Accepter une rupture de modèle ?


Maria-Carmela Mini
Directrice de Latitudes contemporaines, festival international de la scène contemporaine, Lille

Il y a des phrases de poètes sur lesquelles peuvent se bâtir des projets, et c’est bien cela leur force, leur pouvoir. Celle sur laquelle j’ai bâti en partie le projet Latitudes Contemporaines est de Rabbi Nahman de Bratslav : « Ne demande pas ton chemin à quelqu’un qui le connaît, tu risquerais de ne pas pouvoir te perdre ».

Cette phrase ne peut que résonner fortement en cette période extraordinaire où chacun·e d’entre nous, directeur·rice·s de structures culturelles, voyons les annulations de nos programmations et de nos festivals se succéder. Après être passé·e·s par l’incrédulité, l’hésitation, l’espoir, voire la résistance, les annonces du gouvernement nous ont mis devant une réalité : nous devons faire face à l’inconnu.

Pour repenser un projet, il faut accepter la rupture du modèle qui le précède, décider de se perdre en chemin et laisser la place aux possibles. Revenir à la source, à l’essentiel, à sa raison d’être et nous reposer des questions simples : que construisons-nous ensemble ? Quelle est l’implication de nos projets sur un territoire ? Quelle est la plus-value apportée pour ses habitant·e·s ?

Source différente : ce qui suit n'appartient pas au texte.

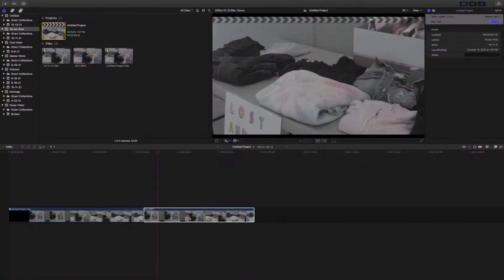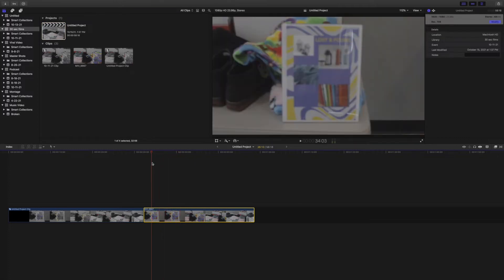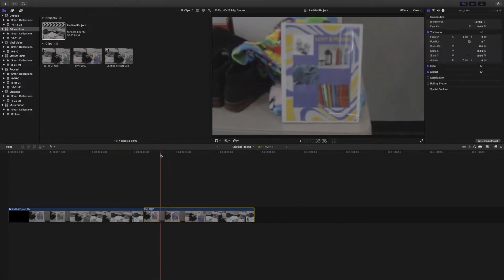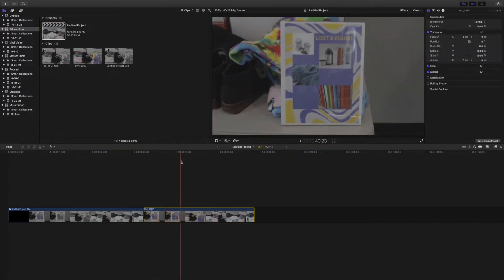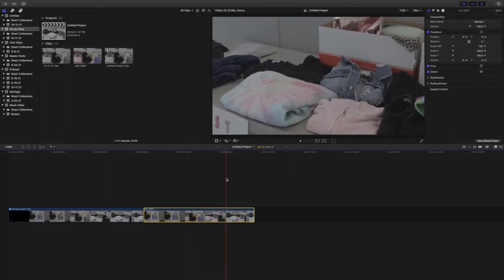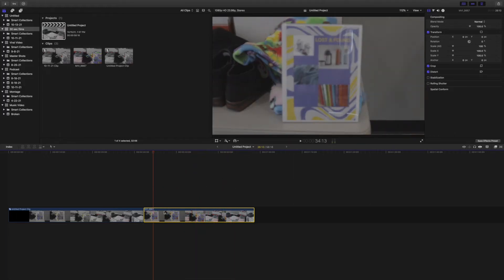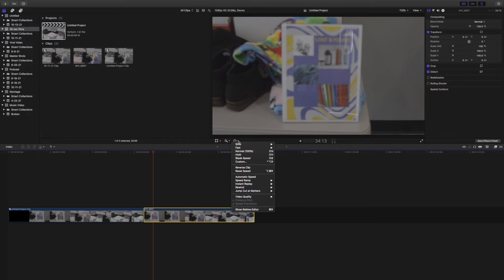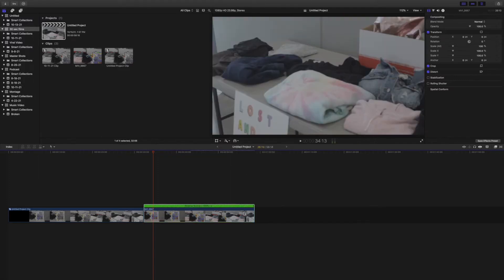Today I'm going to show you something really easy — how to make your clip go in reverse. As you can see right now, it's just going in this direction as I pan over. I want it to go backwards, so I'm gonna come up here and click 'Reverse Clip.' Now when I play it back, it's gonna go backwards.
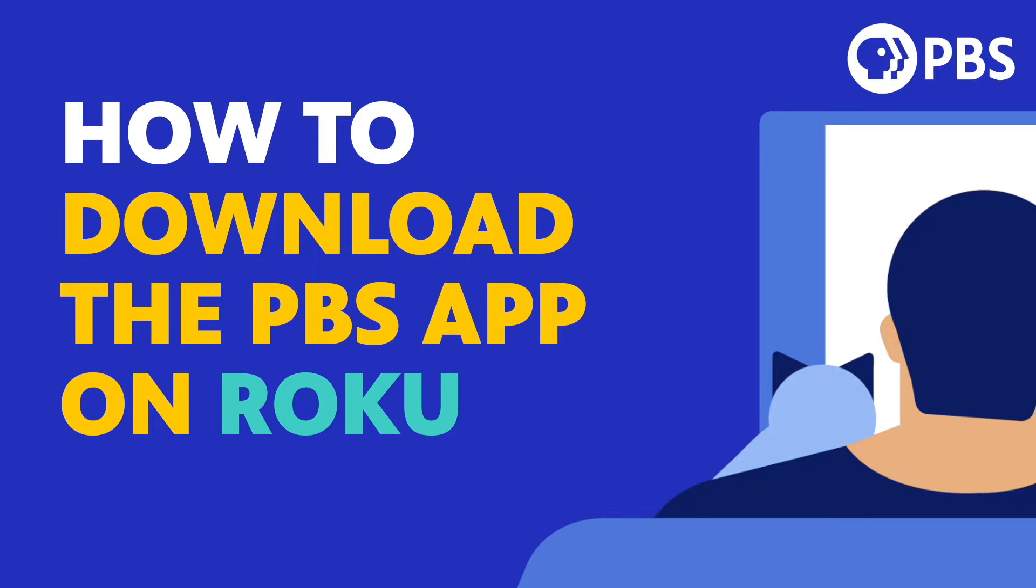Welcome to PBS. Today we'll go over how to download the PBS app on Roku.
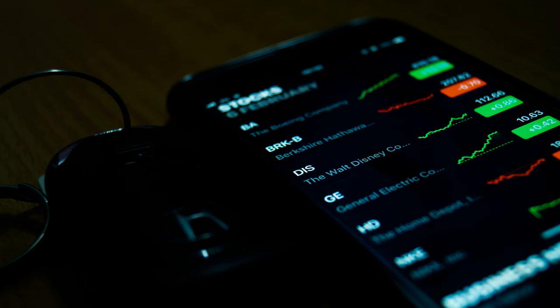The stock price you see listed is the price of the last trade executed on the stock exchange. It doesn't mean that you will actually be able to buy or sell the stock at that price.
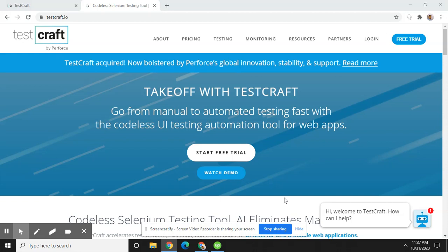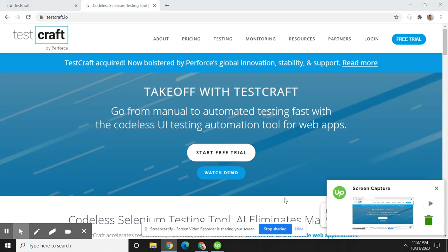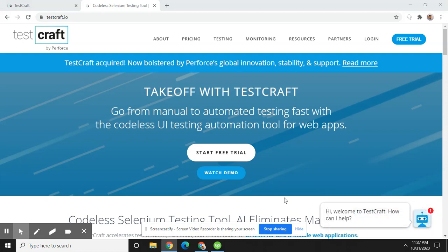So what is TestCraft? TestCraft is a codeless test automation tool that is based on Selenium code. By offering codeless test automation options, TestCraft makes Selenium accessible to any tester rather than limiting Selenium only to those with previous coding skills. It offers many other advantages over using Selenium on its own.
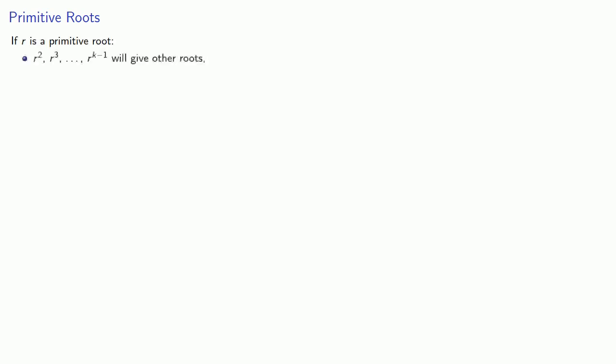So why do we care? Well, there's two important features about primitive roots. If r is a primitive root, then r squared, r cubed, and so on, the other powers of r, will give the other roots. And the sum of all the powers of r plus 1 is going to be equal to 0. Both of these are easy to prove.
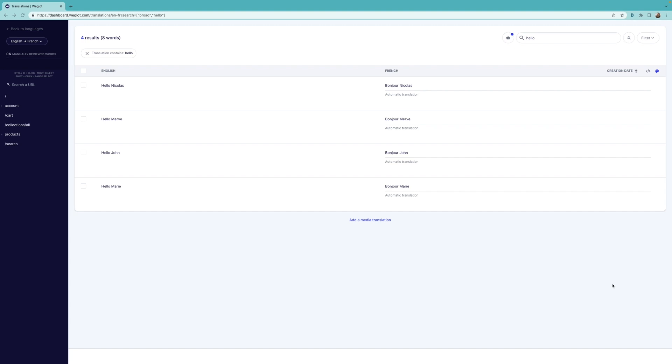For example, if you have repetitive content such as Order1, Order2, Order3, or your website displays the same message with only the name part changing, such as Hello John, Hello Marie, etc., then you can use the Variables feature to reduce your word count. Let's see how you can set up a variable to understand it better.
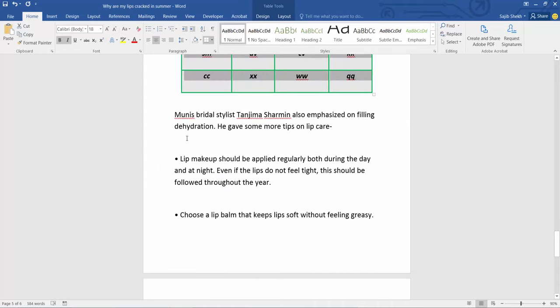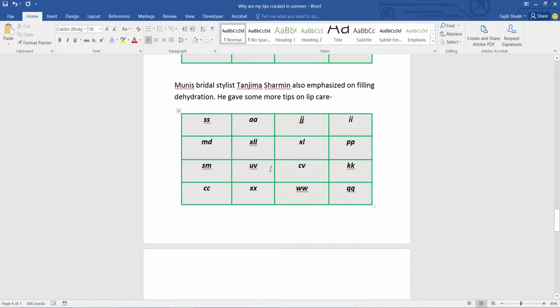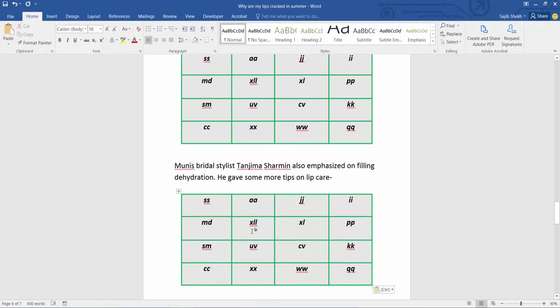Now select your table position and press the mouse cursor. Simply press Ctrl+V on your keyboard. This table is already copied.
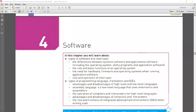As-salamu alaykum. As far as chapter four is concerned, it's a very easy chapter. Chapter is software. What you need to know in this chapter is the difference between system software and application software. Then you need to be aware of the operating system, utility programs, application software, and make a difference. You need to know the functions of an operating system, the need of hardware, firmware and operating system when running application software, and most importantly the role and operation of interrupts.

Depuis la création de Latitudes Contemporaines, à travers notre festival et l’ensemble de nos projets de création, de production et d’action culturelle menés tout au long de l’année, nous nous sommes efforcé·e·s d’être les porte-paroles d’artistes portant un regard critique sur le monde. Non pas pour en faire un récit négatif, mais un récit lucide qui permet à l’imaginaire de le réinventer sous une forme fictionnelle.

Nous n’avons de cesse de donner une place aux artistes qui, tel·le·s des lanceur·se·s d’alerte, mettent le doigt sur ce que personne ne veut voir, sur ce que l’on s’obstine à rendre inaudible. Nous n’avons de cesse de mettre la culture au cœur de la société, de travailler de manière transversale avec les champs socio-éducatifs, médicaux, sociaux et caritatifs afin de permettre l’accès à la culture à tout·e·s. Nous n’avons de cesse de construire des passerelles pour faire « commun ».

Alors que nous traversons une période où l’accroissement des inégalités sociales, culturelles, éducatives, médicales,mais aussi l’individualisme, la mauvaise gestion de l’accueil de réfugié.e.s, les crises écologiques croissantes et les montées des nationalismes provoquent la perte d’un récit commun, le COVID-19 nous met face à nos responsabilités. Ce virus est là comme pour nous dire : quel monde souhaitez-vous ? Quels sont vos rêves communs ? Quelle est la place de l’humain ? Quelles sont vos utopies communes ? Vos récits communs ?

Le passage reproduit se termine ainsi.